Welcome to the NETs Group! Come say hi.
Hello and welcome
Let's pull up our chairs in a circle and check in with each other and talk about how we are doing with our NET diagnosis. Any new tests, meds or treatments going on for you? What about your symptom control? Any concerns you have?
Interested in more discussions like this? Go to the Neuroendocrine Tumors (NETs) Support Group.
Thank you, @ce1b. This information might be very helpful to other veterans!
Haven't found link yet, but this is what I've found so far.. I know NETs Vets group exist but may have to reach out to the Veterans Health Administration (VHA) National Precision Oncology Program for more informaion.
As you can see from the link below.. there is a new push to reduce cancer by 50% in our veterans.
https://www.cancer.va.gov/CANCER/docs/NOP_CAMPAIGN_GUIDE_Web508.pdf
Main contact page
https://www.cancer.va.gov/CANCER/NPOP.asp
Can do!
Hello @ogcen and welcome to Mayo Connect. I can certainly understand your wish to be at a cancer center that excels in treating this rare disorder. Since your doctor has suggested it have you considered asking for a referral? For any rare diagnosis, it is always wise to be seen in a medical facility where they specialize in treating that disorder.

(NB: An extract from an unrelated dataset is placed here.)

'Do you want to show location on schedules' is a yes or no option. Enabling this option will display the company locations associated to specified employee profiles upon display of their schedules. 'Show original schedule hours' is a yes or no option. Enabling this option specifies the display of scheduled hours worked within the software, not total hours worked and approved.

For your information, here is a link to an article about this from Mayo Clinic's website:
--Pheochromocytoma
https://www.mayoclinic.org/diseases-conditions/pheochromocytoma/symptoms-causes/syc-20355367
You say that you are feeling 60% better with your current treatment. What symptoms are the most difficult for you right now?
Hello @ce1b
I would be very interested in learning about the VA facility that is doing NETs studies. Will you please post the information when you find it?
NuB.. No I don't, but I have but other problems that seem to be happening to by body. I'm sure there will be more as cancer grows.
Everything I've read says that surgery is the gold standard for removing the NETs tumors or for relieve of the carconoid syndrome.
Question… I am having surgery the first week of November to remove roughly 12 inches of my lower section of the small intestine and two lymph notes. I was diagnosed with a dozen or so small carcinoid tumors about a month ago, I have never had any side effects or symptoms. My question is has anybody had this surgery laparoscopically or a large incision, what was your time in hospital, blood in stool, pain level and the first two weeks what should I expect.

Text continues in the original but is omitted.